The report (viewable here) hedges on the legality of DFS, noting that no state court or other competent body has as yet issued an “authoritative pronouncement” on the matter. As such, the PGCB isn’t sure whether DFS would fall under its purview if legislators seek to formally legalize and regulate the activity.
Should legislators dump DFS into the PGCB’s lap, it’s the board’s view that DFS “be provided through the existing slot machine licensees as a gaming-related amenity operated through the licensee’s website.” The PGCB envisions these partnerships unfolding “much like current gaming service providers” who are vetted and licensed by the PGCB.
The PGCB sees “several significant advantages” of such a system, including the elimination of potential jurisdictional disputes and the need for unfamiliar DFS operators to team up with “established entities” who show “regard for Pennsylvania’s regulatory environment.”
Last October, Pennsylvania legislators offered up a bill that also proposed DFS-casino arranged marriages, along with a 14% tax on DFS revenue. But the PGCB suggests that legislators might want to fold DFS into Rep. John Payne’s HB 649, the online poker and casino legislation introduced last year that may resurface at a House of Representatives hearing on June 1.
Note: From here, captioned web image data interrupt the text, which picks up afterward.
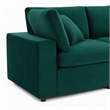 Pemberly Row Velvet Loveseat with Down-Filled Cushions in Green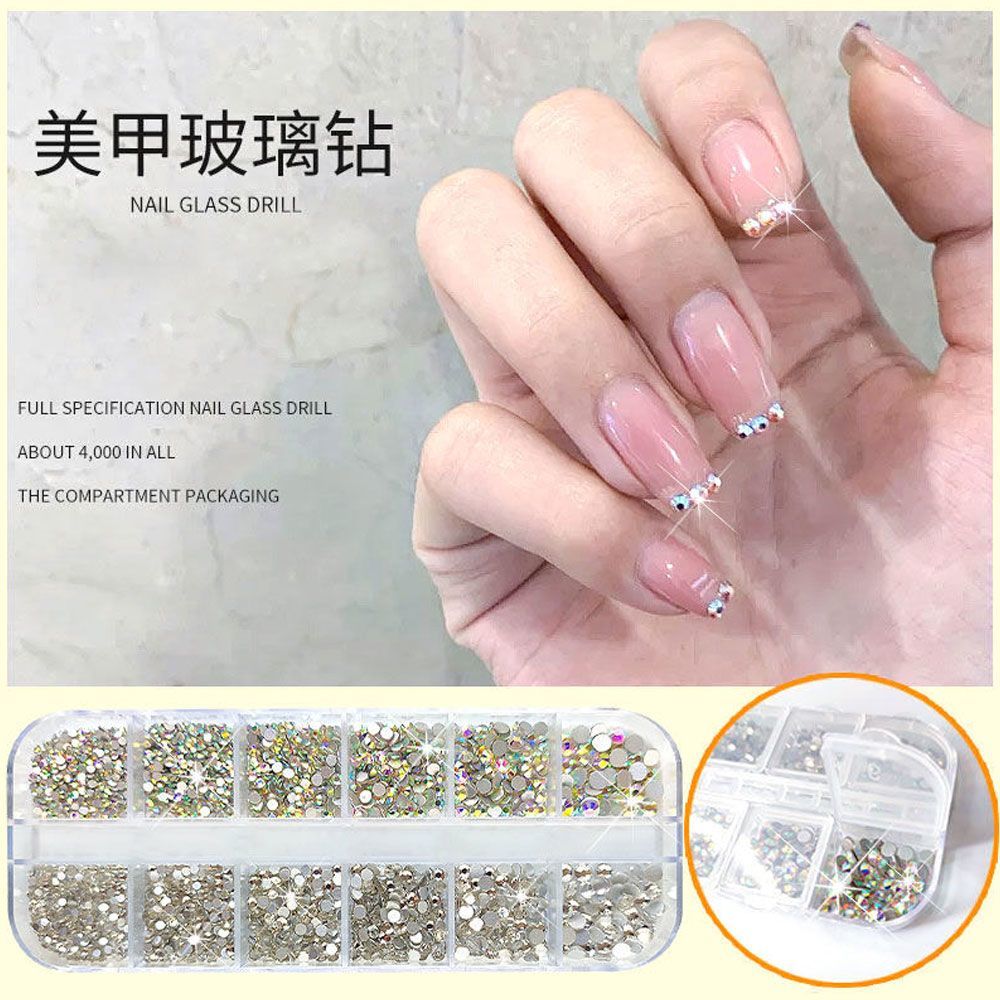 internet celebrity nail beauty rhinestone ornaments hot-selling rhinestone glass diamonds nail decorative diamond 12 palace grid mixed decoration good things for school opening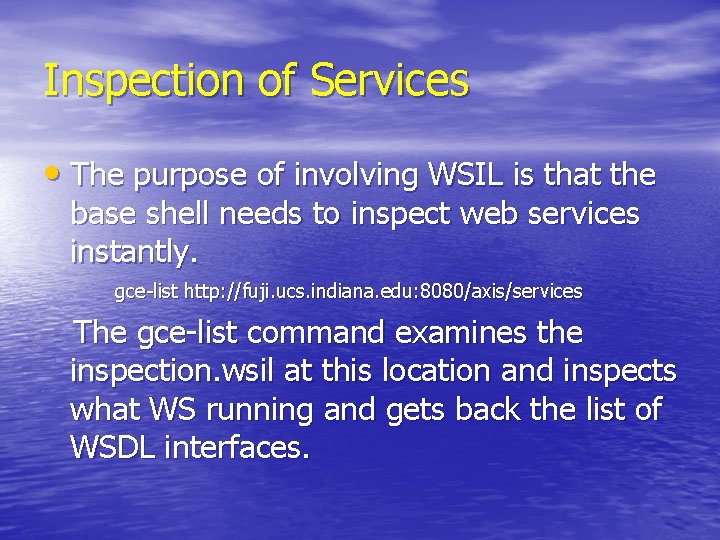 Inspection of Services • The purpose of involving WSIL is that the base shell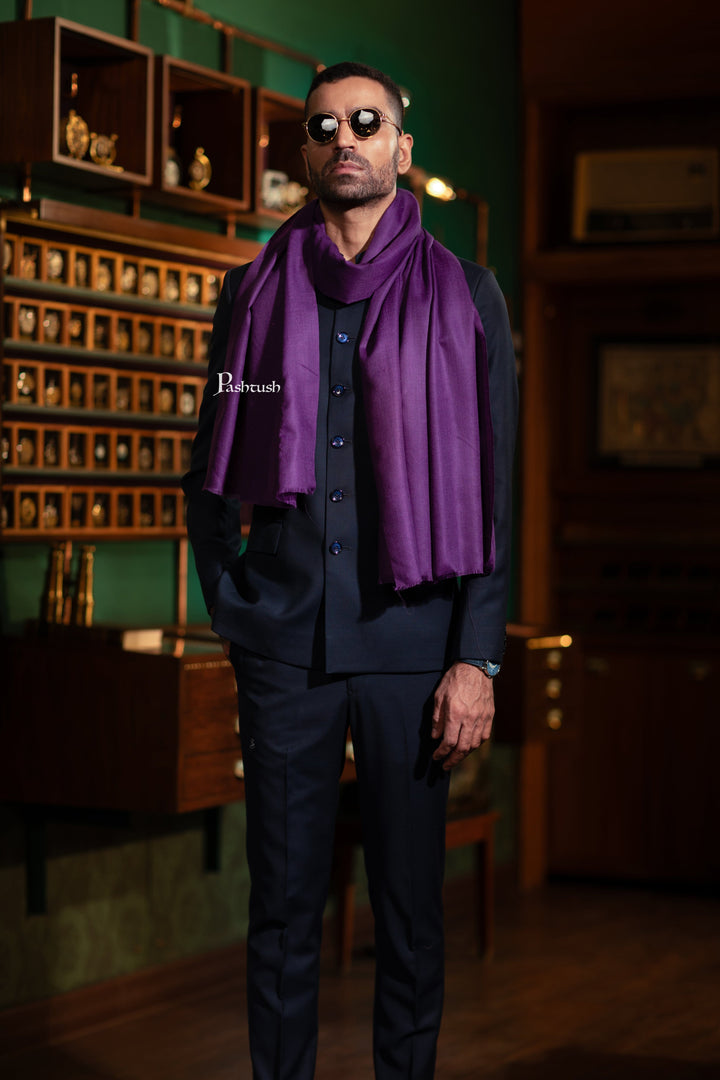 Pashtush India Gift Pack Pashtush His And Her Set Of Mens Fine Wool Stole and Womens Bamboo Stole, Premium Gift Box Packaging, Purple and Multicolour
While DFS operators are likely looking on in horror at the prospect of adding a revenue-sharing partner to an already profit-challenged business model, the PGCB stresses that it hopes to establish a regulatory environment “which is reasonable to the industry, while providing protection and fairness to the playing public.”
The consumer protections envisaged by the PGCB are nearly identical to the items proposed in Massachusetts that DFS operators have largely supported in other states, but the promise of a ‘reasonable’ regulatory environment might not hold much promise coming from a state that taxes its slots licensees at an industry-high 54%.